Scottish Labour’s response has been robust. Richard Leonard has condemned the Report as offering ‘an unprecedented decade of domestic austerity with even deeper cuts than those implemented by George Osborne’. It was ‘A vision of another wasted decade, with people living, surviving, many struggling under the dogma of a deficit reduction plan.’
Former Leadership contender, left-wing MSP Neil Findlay has called it ‘an eye opener for many who supported ‘yes’ in the referendum because they wanted a fairer more equal Scotland’
Tellingly, the Report’s authors had consulted some 20 business organisations, but not one trade union. Forced to choose between the aspirations of working people to see an end to austerity, and the economic orthodoxies of the Bank of England and the Treasury, the SNP have chosen the bankers and financiers. Such is where a class-collaborationist party ends up!

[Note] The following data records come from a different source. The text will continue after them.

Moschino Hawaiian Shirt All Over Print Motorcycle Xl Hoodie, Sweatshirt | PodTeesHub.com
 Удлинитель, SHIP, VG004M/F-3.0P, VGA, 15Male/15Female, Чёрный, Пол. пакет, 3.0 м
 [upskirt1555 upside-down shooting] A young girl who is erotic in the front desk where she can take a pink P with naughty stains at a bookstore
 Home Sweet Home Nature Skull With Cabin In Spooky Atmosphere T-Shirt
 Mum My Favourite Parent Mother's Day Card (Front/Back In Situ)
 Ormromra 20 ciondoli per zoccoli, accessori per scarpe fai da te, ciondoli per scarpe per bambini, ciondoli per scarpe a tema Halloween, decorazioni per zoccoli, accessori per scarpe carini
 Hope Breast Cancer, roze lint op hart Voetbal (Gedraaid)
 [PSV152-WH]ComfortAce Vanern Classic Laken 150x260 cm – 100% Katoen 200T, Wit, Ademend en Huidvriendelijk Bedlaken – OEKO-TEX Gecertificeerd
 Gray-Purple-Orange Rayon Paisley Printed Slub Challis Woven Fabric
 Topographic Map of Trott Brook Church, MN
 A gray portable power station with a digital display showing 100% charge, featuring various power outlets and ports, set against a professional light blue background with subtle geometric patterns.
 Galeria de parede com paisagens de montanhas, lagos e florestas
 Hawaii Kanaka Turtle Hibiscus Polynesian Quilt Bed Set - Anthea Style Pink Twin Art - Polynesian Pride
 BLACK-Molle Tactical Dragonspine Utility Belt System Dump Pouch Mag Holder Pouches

The aim must now be to get the message out to the wider electorate. The importance of the Report lies in as as much as how it shows the SNP’s willingness to embrace a right wing agenda as it does in determining a vote in any future independence referendum. As a clear majority of the Scottish electorate is still opposed to IndyRef2, Sturgeon is bobbing and weaving to avoid naming a date for a second poll. So the next big electoral test is likely to be a General Election. With Labour trailing the SNP by 17 percentage points in Scotland, making a key plank in our campaign a vigorous denunciation of the path charted by the SNP’s ‘Cuts Commission’ could pay dividends.
Former Labour supporters who left us over our lack of a radical programme surely now have little reason to stick with the SNP when Jeremy and Richard can offer an economic plan promoting hope over austerity and championing a real redistributive economic policy, with an expanding role for public services and public ownership.